My aim in 2.0.0 was to clearly communicate whether properties are preserved or not. Maybe it's not clear enough in all processes, but at least aggregate_spatial mentioned in the geometries parameter:

Feature properties are preserved for vector data cubes and all GeoJSON Features.

Well, part of the problem I'm trying to raise here is that there is a conflict here regarding vector cube design:

For example:

You can not combine the original cube data ["geometry", "property"] with the aggregated cube data ["time", "bands", "geometry"] in a single cube, e.g. because the number of dimensions is different. The dimension type of "property" (type "other"?) and "bands" (type "bands") is probably also not compatible strictly speaking, but that could be adapted to relatively easy I guess.

So what I'm trying to say is this current statement in aggregate_spatial

Feature properties are preserved for vector data cubes and all GeoJSON Features.

is incompatible with the current consensus for vector cube design (store properties as cube values).

pankajdpatil commented 1 month ago

Sorry, new to opeEO, so please pardon if I am off-tangent.

From aggregae_spatial:

Feature properties are preserved for vector data cubes and all GeoJSON Features.

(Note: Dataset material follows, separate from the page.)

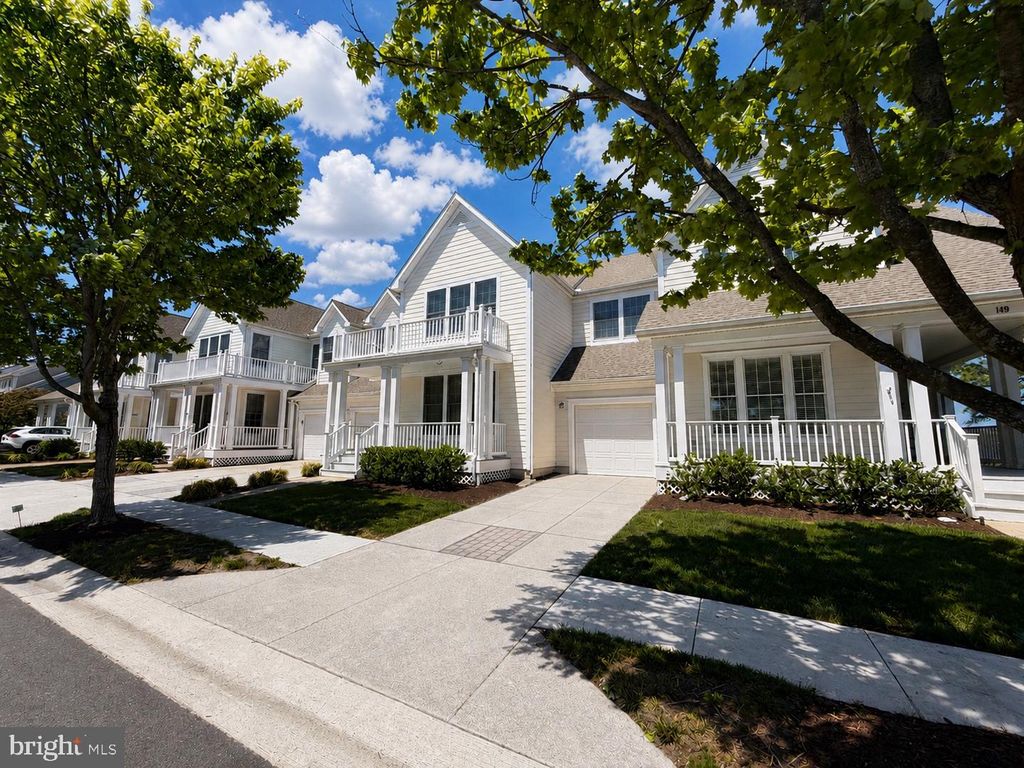 145 OCTOBER GLORY AVE, Ocean View, DE 19970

aggregate_spatial however somehow isn't preserving the properties, or "id" from my geojson features. I instead get "feature_index" but its difficult to tie it back to the original feature.

My aggregate_spatial logic looks like:

"aggregate29": { "process_id": "aggregate_spatial", "arguments": { "data": { "from_node": "load2" }, "geometries": { "type": "FeatureCollection", "features": [ { "type": "Feature", "id": "pp1", "geometry": { "type": "Point", "coordinates": [ 76.90113420870438, 23.06615990794603 ] }, "properties": { "pp": "Dinagat Islands", "kk":10 } } ] }, "reducer": { "process_graph": { "first1": { "process_id": "first", "arguments": { "data": [ { "from_parameter": "data" }, { "from_parameter": "context" } ], "ignore_nodata": false }, "result": true } } } } },

m-mohr commented 1 month ago

@pankajdpatil You are talking about a specific implementation. For support you need to contact the provider.

soxofaan commented 1 month ago

@pankajdpatil this thread is indeed about how to preserve e.g. feature ids, but on a more conceptual and back-end oriented level. I think your support request will be better served on an openEO forum like (depending the on the openEO backend you are using): https://forums.openeo.cloud/ or https://forum.dataspace.copernicus.eu/